Nothing but the lines from the one containing "Für fossil gen5" through the last line of the data below should be returned, each exactly as it stands, pictures excluded.

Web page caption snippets
┏━━

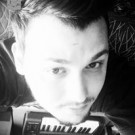 Iulian R.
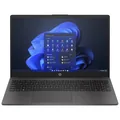 HP Laptop 250 G10 16GB 512SSD - Core i7 — view 1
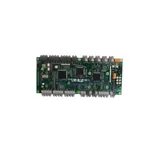 ABB 3BHE004573R0141 Migration-Ready Interface Board product image 4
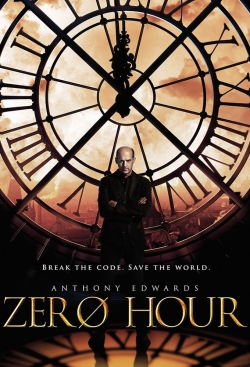 Zero Hour free movies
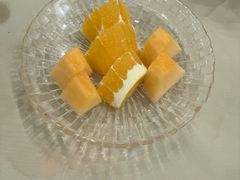 -南海渔村 (流花湖店)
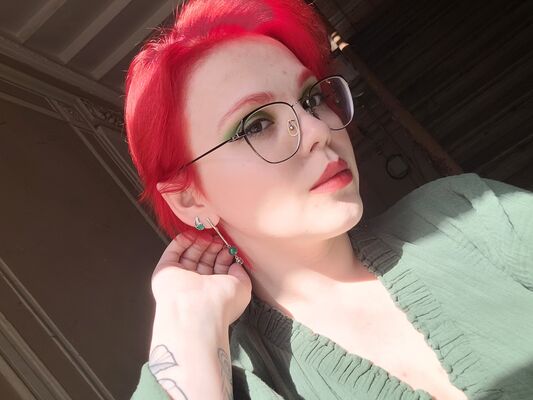  -,   Melibrael, 25 ,   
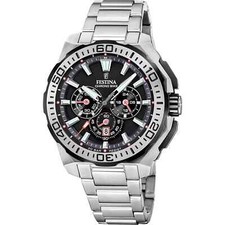 BICI CHRONO FESTINA F20724/7 -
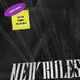 4th Mini Album [NEW RULES]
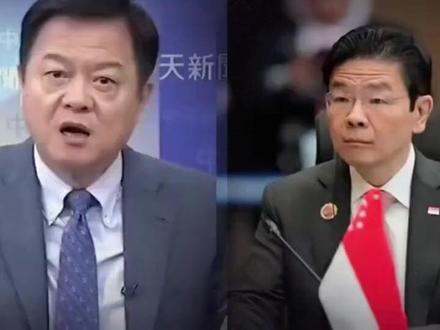 @抖音小助手 #经典 #正能量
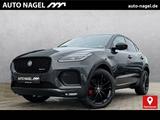 Jaguar E-Pace D200 AWD R-Dyn. SE 20"Pano BlackP WinterP - Jaguar E-Pace in Hannover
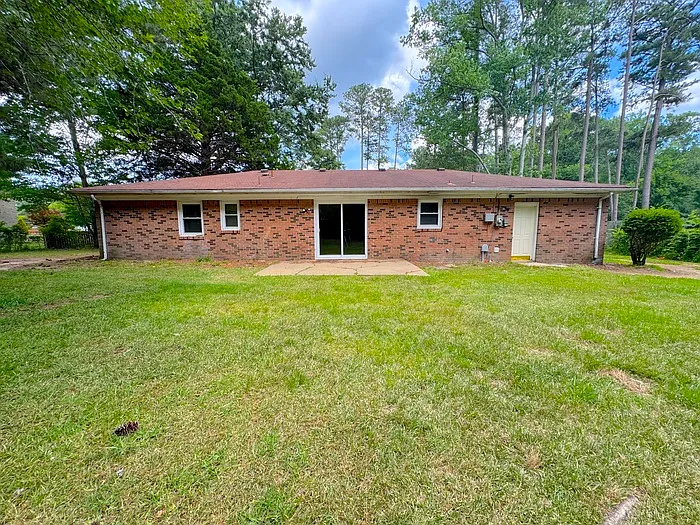 2361 Seaboard Rd — Photo 35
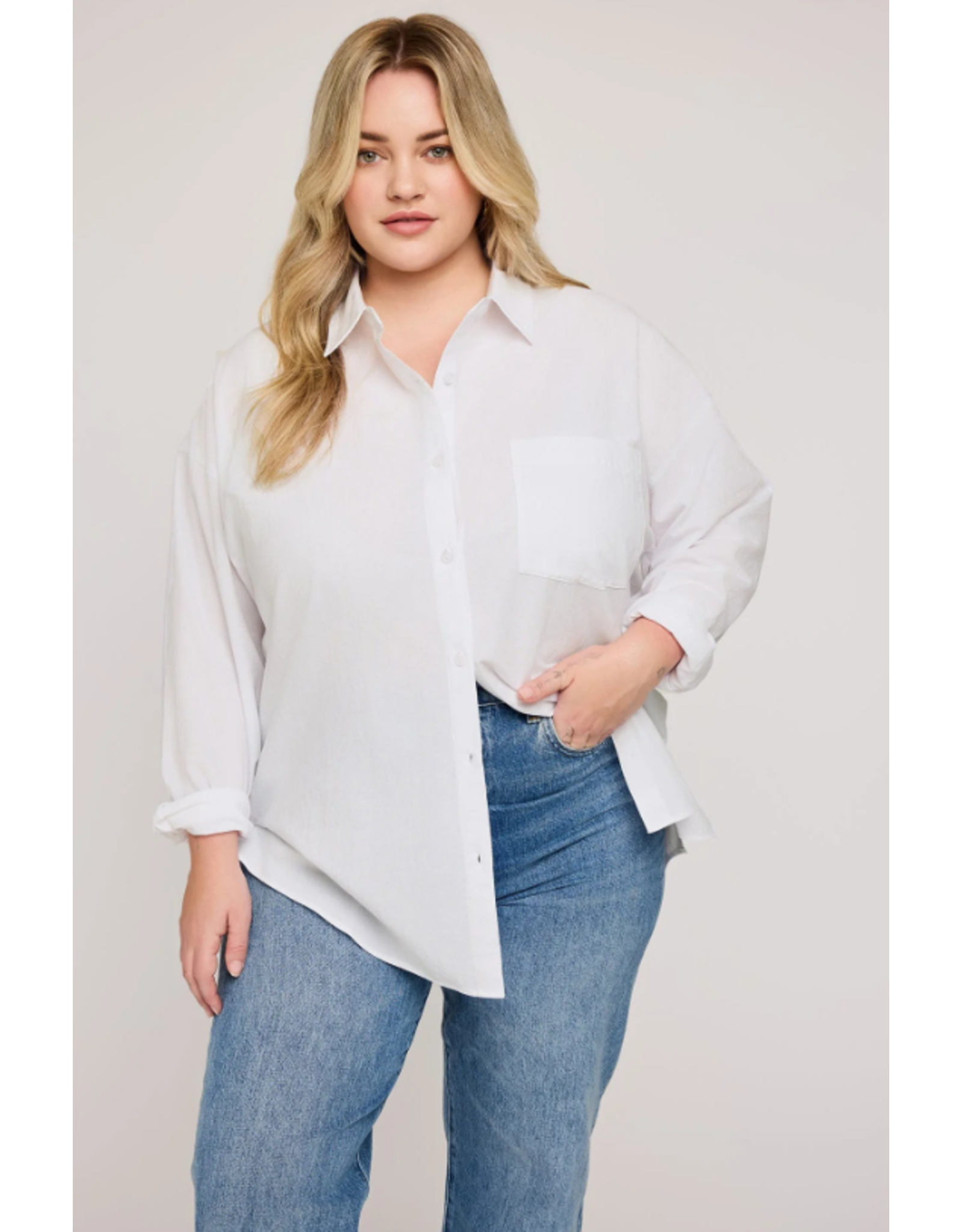 GENTLE FAWN GF2502-2862 CALLAHAN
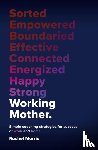Morris, Rachel - Working Mother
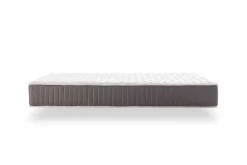 Moonia Matelas Mousse à memoire de forme King Relax Supreme - 80X190, 30cm - Best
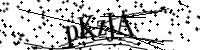 Por favor digite as letras e números abaixo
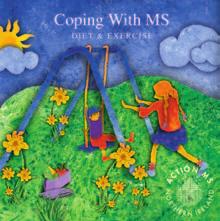 About Symptoms MS and the Family Coping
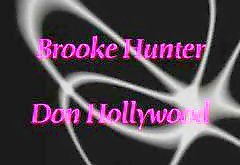 brooke hunter oral antics 2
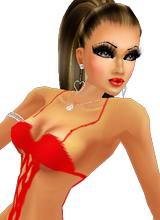 CristalDiva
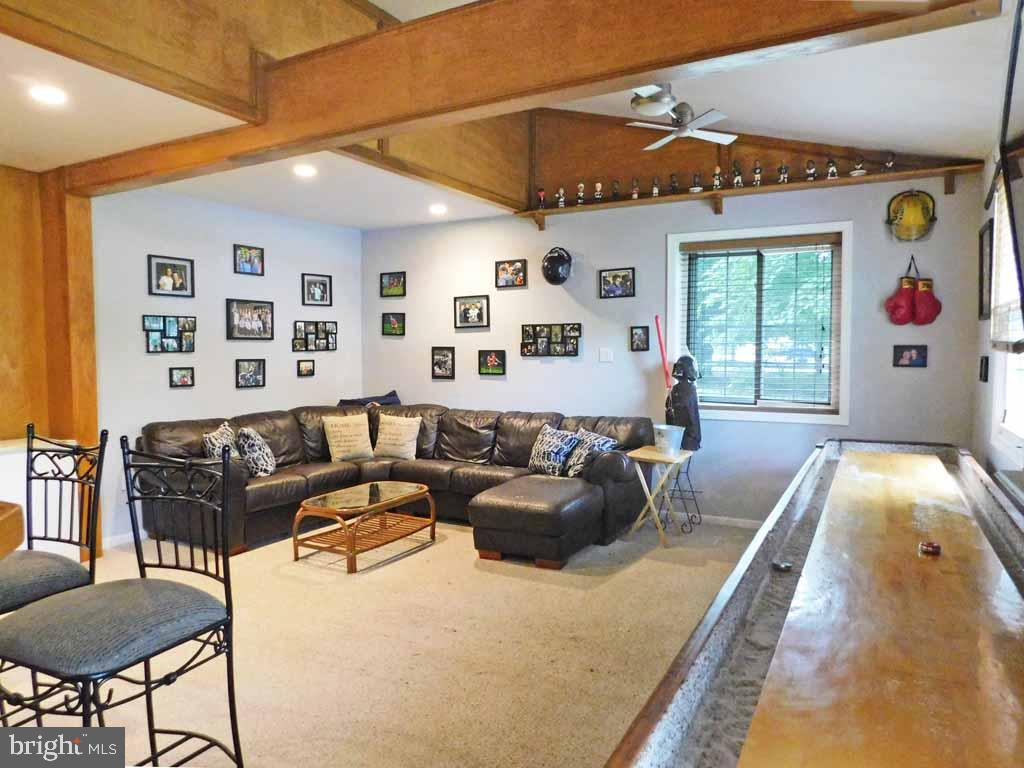 341 County Line Road Huntingdon Valley, PA 19006 - Photo 20 of 52 Gallery Image 20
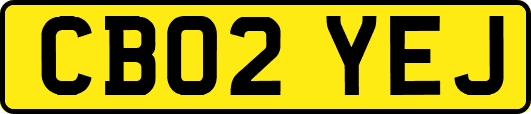 CB02YEJ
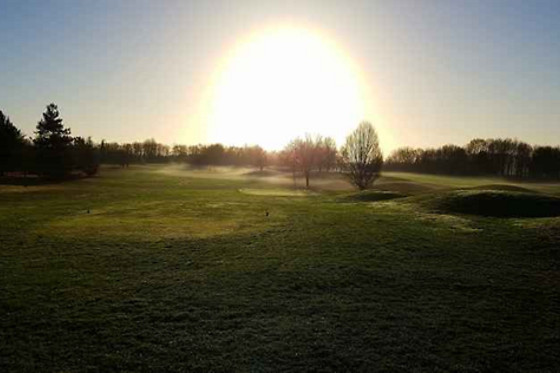 Ugolf Bourges - photo 3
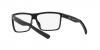 06A9016V 901601 OPTICAL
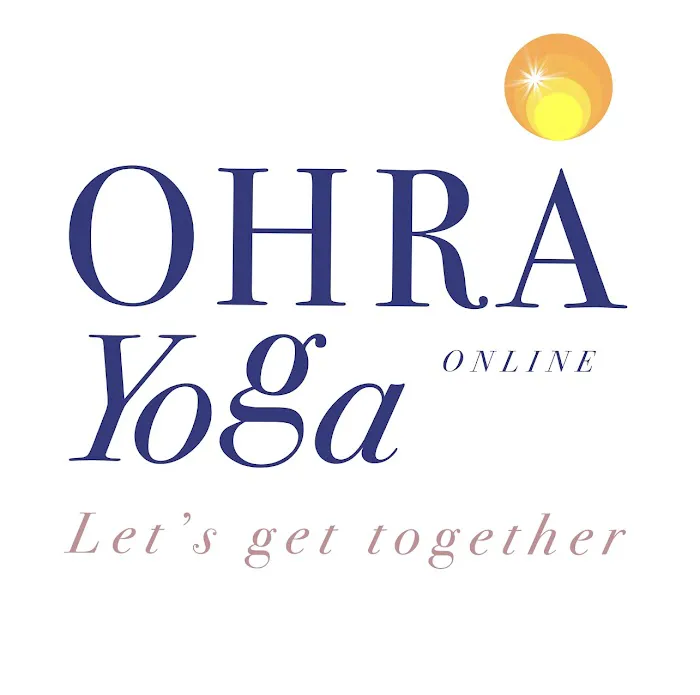 Ora Yoga Studios Picture 1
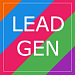 ЛидоГенератор 2.0 - Универсальный адаптивный шаблон Landing Page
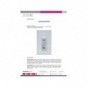 Shampoo delicato Bosco di Rivalta Wind 500 ml INT0033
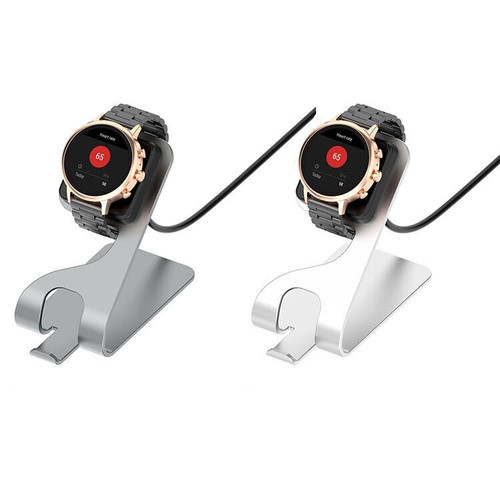 Für fossil gen5 - für,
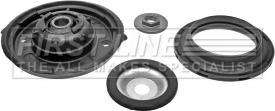 First Line FSM5208 - Coupelle de suspension droxauto.com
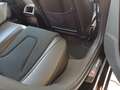 Audi A5 A5 Sportback 2.0 TDI ultra Sportback S Line Sport Schwarz - thumbnail 30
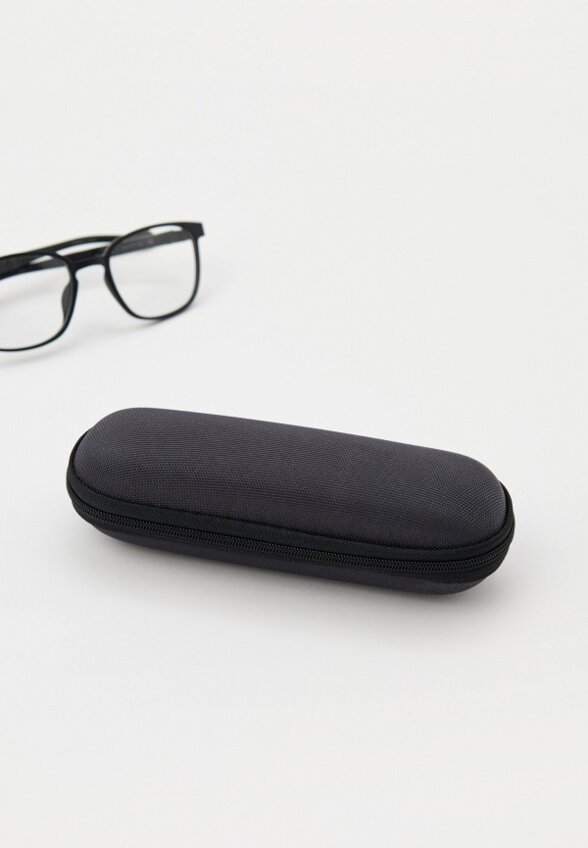 Оправа Eigengrau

┗━━

- **Task output**:
 Für fossil gen5 - für,
 First Line FSM5208 - Coupelle de suspension droxauto.com
 Audi A5 A5 Sportback 2.0 TDI ultra Sportback S Line Sport Schwarz - thumbnail 30
 Оправа Eigengrau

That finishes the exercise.